Transcendental Bloviation

Politics, Space, Japan

Monday, June 28, 2004

For a kinder, more literary, Homeland Security

The heavy-handed treatment of Elena Lappin at the hands of the INS and Homeland Security is yesterday's news, but the story is still making the rounds - John Carter McKnight sent me a link to her Guardian article just today. I thought I'd exhausted myself on the topic in Marc Cooper's comment section, but today ... well, when you're an intellectual snob like me, mordant thought springs eternal.

Read the story, if you haven't. Pretty disturbing, isn't it? If (as even some CIA agents now speculate) bin Laden helps Bush to a second term with yet another major attack, we can expect more of the same.

I suspect there is ideological profiling going on in the Terrorist Threat Integration Center databases, since Lappin has contributed to Granta and perhaps other leftish rags. But maybe the problem is that there's just not enough ideological profiling. You see, Elena's case is tricky. Justice requires detailed scrutiny of the facts of a case.

What's a beleagured, overworked Homeland Security official to do? Think of all the background reading required. Still, let's be optimistic. Let's imagine a kinder, more literary, Homeland Security.

"Well, Ms. Lappin, we're a bit dismayed that you'd write for such virulently anti-American publication as The Guardian, not to mention Granta, but your years at the helm of Jewish Quarterly and your years in Israel introduce some nettlesome ambiguities, and your sympathetic interview with an Iraqi poet favored by those wonks over at State would seem to argue for clemency. Well, but you know those poets: mercurial, unreliable, romantic, irretrievably radical. Not to mention ungrateful: just read this interview of Sinoon Anton with Amy Goodman. Really, you can't trust them further than you could throw Arthur Andersen's audit report from their investigation of Ahmed Chalabi's gutting of a Jordanian bank.

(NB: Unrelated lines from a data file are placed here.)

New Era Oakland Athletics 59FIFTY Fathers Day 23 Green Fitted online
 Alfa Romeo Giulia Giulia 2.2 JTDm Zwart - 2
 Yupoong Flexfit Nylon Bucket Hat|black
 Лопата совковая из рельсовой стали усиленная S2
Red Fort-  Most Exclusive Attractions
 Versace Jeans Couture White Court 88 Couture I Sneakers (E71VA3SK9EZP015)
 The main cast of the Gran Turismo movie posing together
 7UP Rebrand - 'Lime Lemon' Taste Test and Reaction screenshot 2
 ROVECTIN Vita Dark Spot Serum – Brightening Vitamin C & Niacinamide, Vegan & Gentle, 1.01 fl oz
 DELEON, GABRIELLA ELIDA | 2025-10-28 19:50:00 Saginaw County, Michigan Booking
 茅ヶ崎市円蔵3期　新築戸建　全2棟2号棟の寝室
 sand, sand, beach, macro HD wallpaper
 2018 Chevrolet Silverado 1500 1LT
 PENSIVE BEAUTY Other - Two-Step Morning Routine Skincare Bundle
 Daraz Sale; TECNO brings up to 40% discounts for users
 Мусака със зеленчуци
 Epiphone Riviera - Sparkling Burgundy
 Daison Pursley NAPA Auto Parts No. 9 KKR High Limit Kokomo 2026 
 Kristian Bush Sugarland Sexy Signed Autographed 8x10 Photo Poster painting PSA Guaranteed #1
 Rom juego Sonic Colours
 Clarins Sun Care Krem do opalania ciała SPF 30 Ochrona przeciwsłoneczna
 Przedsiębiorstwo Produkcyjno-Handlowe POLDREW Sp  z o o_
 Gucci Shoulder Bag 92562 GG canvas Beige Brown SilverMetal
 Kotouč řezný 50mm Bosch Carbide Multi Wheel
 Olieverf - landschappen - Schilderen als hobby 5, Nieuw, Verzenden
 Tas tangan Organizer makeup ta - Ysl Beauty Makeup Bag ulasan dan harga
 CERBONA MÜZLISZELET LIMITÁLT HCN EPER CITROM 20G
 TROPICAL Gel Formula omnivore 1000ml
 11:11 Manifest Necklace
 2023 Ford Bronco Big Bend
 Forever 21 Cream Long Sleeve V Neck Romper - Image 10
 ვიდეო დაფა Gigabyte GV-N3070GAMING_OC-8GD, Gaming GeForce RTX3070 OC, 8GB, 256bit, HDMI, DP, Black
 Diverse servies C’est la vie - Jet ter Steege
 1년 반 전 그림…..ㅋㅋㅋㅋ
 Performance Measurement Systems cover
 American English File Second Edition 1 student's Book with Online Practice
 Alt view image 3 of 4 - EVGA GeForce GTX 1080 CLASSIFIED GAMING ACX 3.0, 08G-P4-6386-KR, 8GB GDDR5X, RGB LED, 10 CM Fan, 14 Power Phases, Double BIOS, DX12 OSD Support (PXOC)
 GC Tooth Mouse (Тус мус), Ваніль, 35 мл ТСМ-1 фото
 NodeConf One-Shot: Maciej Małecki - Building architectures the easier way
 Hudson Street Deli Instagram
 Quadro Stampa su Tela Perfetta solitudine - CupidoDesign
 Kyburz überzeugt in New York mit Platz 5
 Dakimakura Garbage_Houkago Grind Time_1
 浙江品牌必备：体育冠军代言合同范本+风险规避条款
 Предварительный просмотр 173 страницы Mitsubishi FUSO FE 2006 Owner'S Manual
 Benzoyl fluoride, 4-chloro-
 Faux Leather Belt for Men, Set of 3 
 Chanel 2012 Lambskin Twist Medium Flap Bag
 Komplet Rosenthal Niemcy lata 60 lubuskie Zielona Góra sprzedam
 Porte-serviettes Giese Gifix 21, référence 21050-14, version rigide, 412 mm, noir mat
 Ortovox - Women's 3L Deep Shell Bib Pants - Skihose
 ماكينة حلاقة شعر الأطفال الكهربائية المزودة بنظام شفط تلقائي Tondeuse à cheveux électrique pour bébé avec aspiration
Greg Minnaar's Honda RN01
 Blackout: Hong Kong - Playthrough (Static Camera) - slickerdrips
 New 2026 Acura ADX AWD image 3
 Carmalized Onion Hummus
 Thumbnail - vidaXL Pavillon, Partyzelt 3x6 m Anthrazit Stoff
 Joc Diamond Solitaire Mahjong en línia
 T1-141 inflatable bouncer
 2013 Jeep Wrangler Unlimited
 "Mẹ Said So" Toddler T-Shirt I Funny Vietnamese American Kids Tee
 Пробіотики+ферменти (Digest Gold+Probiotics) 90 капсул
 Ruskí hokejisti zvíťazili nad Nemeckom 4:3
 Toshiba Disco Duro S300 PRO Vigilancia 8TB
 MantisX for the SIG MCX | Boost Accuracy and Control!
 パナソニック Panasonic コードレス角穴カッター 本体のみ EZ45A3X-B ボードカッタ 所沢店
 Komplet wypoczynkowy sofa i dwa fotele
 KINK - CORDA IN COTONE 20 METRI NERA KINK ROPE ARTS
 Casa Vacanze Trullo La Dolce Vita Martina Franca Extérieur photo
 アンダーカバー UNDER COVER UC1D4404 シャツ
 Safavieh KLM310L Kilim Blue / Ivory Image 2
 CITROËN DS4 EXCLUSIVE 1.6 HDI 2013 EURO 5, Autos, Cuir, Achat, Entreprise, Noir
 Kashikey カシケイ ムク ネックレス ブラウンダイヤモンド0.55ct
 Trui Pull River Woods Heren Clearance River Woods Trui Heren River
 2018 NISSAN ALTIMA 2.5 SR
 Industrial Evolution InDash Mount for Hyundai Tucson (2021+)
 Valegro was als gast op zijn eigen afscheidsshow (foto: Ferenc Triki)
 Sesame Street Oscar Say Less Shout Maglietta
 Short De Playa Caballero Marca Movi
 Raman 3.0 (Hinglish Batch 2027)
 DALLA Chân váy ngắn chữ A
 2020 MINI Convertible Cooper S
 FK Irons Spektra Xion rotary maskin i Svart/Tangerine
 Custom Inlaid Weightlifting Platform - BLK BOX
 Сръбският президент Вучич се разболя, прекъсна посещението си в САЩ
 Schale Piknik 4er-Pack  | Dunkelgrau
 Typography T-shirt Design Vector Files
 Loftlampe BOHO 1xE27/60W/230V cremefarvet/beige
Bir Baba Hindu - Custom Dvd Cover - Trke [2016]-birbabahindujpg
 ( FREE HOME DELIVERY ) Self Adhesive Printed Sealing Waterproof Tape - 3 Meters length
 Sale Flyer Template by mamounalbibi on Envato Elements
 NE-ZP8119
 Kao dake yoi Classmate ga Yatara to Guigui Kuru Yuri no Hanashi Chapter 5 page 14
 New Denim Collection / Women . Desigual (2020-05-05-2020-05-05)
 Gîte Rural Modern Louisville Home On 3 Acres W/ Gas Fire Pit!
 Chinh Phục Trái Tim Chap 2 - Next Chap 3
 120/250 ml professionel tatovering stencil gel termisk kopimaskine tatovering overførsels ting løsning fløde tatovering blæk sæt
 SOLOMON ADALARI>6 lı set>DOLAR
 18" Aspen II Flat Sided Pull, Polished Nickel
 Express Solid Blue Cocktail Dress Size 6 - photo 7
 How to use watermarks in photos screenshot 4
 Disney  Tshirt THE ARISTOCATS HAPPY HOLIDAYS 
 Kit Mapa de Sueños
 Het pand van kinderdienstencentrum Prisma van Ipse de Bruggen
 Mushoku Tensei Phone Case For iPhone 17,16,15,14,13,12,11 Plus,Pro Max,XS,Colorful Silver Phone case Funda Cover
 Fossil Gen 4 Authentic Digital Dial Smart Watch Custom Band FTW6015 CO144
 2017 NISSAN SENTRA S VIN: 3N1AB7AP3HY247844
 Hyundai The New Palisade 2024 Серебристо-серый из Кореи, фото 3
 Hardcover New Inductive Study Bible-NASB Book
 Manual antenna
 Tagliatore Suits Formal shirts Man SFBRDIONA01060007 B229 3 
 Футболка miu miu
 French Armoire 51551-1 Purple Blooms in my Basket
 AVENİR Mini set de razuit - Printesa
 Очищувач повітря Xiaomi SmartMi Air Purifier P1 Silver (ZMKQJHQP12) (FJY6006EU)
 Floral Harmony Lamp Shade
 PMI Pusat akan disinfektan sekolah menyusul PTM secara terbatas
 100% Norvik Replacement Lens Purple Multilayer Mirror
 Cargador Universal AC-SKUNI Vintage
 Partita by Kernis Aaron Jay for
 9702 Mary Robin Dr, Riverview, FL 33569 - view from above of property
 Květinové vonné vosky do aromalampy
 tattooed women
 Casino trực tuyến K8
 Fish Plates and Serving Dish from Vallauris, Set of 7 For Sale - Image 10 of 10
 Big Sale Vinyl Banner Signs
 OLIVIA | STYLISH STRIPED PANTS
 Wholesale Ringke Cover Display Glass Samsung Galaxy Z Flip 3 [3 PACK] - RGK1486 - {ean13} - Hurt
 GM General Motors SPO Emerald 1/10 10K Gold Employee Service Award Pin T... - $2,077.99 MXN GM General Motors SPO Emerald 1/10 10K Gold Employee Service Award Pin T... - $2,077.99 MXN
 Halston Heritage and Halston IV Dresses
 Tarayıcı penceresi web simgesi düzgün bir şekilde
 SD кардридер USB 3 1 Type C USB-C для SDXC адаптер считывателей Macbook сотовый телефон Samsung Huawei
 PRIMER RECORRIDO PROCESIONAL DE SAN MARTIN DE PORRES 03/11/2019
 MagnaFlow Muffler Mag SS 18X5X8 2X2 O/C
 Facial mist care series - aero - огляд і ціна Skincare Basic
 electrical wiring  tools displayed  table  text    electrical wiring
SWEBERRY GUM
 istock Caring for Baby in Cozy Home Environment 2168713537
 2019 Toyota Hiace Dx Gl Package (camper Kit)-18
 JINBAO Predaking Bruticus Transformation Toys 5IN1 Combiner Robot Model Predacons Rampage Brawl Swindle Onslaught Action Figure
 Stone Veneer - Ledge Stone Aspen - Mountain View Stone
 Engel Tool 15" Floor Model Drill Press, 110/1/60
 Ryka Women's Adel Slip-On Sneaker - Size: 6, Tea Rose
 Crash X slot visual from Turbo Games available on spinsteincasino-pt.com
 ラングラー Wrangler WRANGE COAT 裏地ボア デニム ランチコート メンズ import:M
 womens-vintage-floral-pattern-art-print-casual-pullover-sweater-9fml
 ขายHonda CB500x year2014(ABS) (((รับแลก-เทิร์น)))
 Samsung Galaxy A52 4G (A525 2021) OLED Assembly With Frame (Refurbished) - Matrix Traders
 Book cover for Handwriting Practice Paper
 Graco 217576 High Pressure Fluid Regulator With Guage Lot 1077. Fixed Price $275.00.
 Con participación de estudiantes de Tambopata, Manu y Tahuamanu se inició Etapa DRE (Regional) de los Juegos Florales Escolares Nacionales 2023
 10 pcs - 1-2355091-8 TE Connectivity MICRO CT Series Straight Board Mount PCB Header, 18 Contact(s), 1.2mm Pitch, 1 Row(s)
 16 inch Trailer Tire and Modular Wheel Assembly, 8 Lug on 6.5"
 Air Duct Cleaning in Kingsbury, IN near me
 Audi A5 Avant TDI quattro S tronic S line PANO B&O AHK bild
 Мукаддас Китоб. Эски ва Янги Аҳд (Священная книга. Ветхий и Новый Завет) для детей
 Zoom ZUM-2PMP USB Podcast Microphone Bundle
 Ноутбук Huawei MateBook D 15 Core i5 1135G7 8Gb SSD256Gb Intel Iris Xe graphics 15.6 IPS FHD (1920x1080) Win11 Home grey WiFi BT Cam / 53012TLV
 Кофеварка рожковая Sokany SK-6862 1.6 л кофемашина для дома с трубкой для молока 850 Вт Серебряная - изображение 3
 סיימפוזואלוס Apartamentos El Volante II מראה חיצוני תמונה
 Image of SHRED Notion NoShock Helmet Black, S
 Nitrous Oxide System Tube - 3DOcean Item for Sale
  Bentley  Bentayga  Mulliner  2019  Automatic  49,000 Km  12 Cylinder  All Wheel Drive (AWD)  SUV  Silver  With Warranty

"Hmm. All right: we'll incarcerate you, but ... we'll clean the toilet in your cell before you take up residence, we'll only strip you down to your undies when we do the body search, and you'll be allowed use the same junk-food vending machines as the prison guards. However, you will have to sign this form saying that you won't write any pieces critical of your incarceration or treatment. Fair enough? The choice is yours.

"Oh, by the way: loved Foreign Brides. Would you autograph this copy before I send it to my daughter? She's in her second year at Barnard, in the middle of a sophomore slump, and she'd be so thrilled."